## SOURCE INFORMATION
------------------------------------------------

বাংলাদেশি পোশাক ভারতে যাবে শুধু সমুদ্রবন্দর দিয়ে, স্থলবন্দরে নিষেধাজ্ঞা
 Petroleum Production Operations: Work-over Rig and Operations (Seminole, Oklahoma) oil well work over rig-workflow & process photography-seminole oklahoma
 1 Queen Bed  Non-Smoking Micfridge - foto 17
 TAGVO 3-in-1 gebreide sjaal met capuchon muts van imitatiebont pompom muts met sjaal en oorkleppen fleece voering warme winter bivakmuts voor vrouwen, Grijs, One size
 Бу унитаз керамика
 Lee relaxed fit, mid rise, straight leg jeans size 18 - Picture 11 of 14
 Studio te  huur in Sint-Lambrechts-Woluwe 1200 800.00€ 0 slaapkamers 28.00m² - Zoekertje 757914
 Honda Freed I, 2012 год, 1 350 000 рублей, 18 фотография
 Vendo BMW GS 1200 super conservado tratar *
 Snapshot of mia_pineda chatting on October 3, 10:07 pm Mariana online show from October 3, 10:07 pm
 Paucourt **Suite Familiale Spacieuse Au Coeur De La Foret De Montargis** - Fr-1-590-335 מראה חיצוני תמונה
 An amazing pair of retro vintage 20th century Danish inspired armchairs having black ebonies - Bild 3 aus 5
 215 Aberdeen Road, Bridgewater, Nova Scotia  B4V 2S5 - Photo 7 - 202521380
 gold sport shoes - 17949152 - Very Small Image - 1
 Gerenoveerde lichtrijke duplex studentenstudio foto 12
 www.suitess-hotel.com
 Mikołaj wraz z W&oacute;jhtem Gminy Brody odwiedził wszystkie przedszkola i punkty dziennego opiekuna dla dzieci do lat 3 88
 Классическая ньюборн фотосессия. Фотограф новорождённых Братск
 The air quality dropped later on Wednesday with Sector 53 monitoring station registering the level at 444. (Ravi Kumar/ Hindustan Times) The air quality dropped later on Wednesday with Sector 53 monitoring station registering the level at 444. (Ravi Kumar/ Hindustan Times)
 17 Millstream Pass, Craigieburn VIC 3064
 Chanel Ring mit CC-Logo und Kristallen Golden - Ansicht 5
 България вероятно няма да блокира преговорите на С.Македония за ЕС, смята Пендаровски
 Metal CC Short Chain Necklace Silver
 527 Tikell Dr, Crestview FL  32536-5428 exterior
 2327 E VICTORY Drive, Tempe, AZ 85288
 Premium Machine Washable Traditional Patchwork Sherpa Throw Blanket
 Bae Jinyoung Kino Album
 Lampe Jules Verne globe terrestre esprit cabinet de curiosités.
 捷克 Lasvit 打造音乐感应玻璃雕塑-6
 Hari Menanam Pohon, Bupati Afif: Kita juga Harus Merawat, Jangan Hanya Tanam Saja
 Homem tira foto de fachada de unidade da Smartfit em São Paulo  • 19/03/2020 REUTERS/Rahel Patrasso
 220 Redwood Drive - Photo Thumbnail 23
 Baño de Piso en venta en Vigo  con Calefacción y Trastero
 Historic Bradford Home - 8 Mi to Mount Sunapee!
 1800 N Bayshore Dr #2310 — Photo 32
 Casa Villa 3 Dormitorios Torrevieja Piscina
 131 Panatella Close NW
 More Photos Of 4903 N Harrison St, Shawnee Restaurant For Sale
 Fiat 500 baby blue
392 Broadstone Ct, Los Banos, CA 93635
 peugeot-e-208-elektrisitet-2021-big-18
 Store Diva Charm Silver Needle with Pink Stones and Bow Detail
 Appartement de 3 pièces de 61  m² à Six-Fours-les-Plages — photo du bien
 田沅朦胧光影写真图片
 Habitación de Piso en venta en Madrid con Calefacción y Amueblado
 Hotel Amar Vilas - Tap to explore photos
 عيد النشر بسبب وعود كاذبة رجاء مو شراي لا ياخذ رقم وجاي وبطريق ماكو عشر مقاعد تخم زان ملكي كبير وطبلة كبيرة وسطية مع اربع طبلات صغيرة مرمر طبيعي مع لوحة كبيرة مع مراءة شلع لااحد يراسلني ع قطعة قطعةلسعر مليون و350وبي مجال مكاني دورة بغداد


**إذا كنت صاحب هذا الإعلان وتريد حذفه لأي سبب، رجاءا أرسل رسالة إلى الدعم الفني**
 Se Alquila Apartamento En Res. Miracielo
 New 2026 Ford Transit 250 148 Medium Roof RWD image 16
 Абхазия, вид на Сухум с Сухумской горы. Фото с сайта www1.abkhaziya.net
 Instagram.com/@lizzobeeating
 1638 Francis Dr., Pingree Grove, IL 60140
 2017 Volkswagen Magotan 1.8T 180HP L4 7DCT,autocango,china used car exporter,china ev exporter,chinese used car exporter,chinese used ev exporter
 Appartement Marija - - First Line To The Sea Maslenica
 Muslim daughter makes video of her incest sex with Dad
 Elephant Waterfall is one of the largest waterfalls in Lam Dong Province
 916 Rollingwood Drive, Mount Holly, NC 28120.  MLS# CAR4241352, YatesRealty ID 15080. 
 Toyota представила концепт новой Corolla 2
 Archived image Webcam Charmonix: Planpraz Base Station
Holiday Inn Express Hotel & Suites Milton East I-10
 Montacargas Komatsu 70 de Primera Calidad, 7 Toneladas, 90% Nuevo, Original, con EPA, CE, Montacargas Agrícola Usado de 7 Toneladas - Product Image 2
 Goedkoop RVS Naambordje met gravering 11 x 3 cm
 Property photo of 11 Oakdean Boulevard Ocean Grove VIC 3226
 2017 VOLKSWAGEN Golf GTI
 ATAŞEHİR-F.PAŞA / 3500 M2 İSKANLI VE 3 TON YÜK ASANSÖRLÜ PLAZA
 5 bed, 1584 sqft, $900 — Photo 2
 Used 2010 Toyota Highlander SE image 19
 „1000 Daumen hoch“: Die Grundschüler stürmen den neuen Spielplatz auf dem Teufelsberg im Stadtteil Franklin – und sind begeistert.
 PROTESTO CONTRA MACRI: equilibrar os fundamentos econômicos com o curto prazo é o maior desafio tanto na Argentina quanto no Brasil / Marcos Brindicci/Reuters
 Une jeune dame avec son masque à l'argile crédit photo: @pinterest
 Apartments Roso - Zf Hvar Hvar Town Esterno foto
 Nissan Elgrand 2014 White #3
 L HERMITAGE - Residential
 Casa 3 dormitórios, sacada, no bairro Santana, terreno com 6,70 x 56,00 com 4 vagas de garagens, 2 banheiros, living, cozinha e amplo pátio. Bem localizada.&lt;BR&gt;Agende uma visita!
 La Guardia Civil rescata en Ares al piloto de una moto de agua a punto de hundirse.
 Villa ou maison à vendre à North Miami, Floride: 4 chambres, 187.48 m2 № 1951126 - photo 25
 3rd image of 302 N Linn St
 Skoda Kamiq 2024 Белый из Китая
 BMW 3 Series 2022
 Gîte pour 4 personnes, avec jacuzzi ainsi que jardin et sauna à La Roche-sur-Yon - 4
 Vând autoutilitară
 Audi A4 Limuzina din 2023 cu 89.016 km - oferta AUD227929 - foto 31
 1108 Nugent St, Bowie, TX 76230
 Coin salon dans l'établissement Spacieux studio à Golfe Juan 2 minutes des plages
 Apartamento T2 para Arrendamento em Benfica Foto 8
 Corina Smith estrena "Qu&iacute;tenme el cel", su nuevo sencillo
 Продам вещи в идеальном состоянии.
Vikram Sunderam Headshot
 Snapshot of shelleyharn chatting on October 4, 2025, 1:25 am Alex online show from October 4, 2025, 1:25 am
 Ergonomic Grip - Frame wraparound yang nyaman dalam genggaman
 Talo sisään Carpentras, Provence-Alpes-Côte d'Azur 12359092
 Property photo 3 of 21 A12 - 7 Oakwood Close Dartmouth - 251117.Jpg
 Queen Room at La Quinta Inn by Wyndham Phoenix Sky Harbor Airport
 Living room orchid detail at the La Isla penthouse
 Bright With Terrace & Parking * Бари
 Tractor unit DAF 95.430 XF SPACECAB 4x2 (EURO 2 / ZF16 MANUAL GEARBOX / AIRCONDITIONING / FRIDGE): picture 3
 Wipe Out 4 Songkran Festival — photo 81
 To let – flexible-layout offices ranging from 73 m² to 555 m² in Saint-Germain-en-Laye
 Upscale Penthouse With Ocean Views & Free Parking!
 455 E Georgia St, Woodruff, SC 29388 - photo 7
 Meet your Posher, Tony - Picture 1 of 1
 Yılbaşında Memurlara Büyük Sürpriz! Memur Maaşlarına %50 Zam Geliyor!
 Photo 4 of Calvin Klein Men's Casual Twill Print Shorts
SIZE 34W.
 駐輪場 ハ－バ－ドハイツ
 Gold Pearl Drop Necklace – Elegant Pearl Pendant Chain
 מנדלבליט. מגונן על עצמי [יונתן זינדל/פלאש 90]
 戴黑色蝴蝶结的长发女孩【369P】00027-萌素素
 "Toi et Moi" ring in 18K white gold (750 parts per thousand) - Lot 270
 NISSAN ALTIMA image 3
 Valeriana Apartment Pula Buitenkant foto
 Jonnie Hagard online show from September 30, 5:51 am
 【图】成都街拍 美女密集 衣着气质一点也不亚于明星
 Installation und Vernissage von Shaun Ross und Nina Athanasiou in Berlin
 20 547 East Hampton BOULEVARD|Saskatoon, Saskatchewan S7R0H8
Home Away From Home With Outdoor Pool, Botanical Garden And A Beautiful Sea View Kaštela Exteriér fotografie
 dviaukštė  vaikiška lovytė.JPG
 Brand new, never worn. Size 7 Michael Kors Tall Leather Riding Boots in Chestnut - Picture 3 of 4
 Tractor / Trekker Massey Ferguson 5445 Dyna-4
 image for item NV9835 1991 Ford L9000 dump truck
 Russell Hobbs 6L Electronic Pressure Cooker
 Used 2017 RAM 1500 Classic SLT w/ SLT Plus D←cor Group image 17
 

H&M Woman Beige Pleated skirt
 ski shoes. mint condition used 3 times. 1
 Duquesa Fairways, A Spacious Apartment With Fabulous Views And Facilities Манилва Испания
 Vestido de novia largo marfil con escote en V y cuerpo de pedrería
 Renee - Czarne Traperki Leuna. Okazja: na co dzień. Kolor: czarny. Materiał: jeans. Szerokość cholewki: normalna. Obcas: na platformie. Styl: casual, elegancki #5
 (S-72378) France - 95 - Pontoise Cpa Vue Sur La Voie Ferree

------------------------------------------------

## EXERCISE GOAL
Lines holding "shoes": please count them in the data above and reply with the number alone.

## RESULT OF THE EXERCISE
2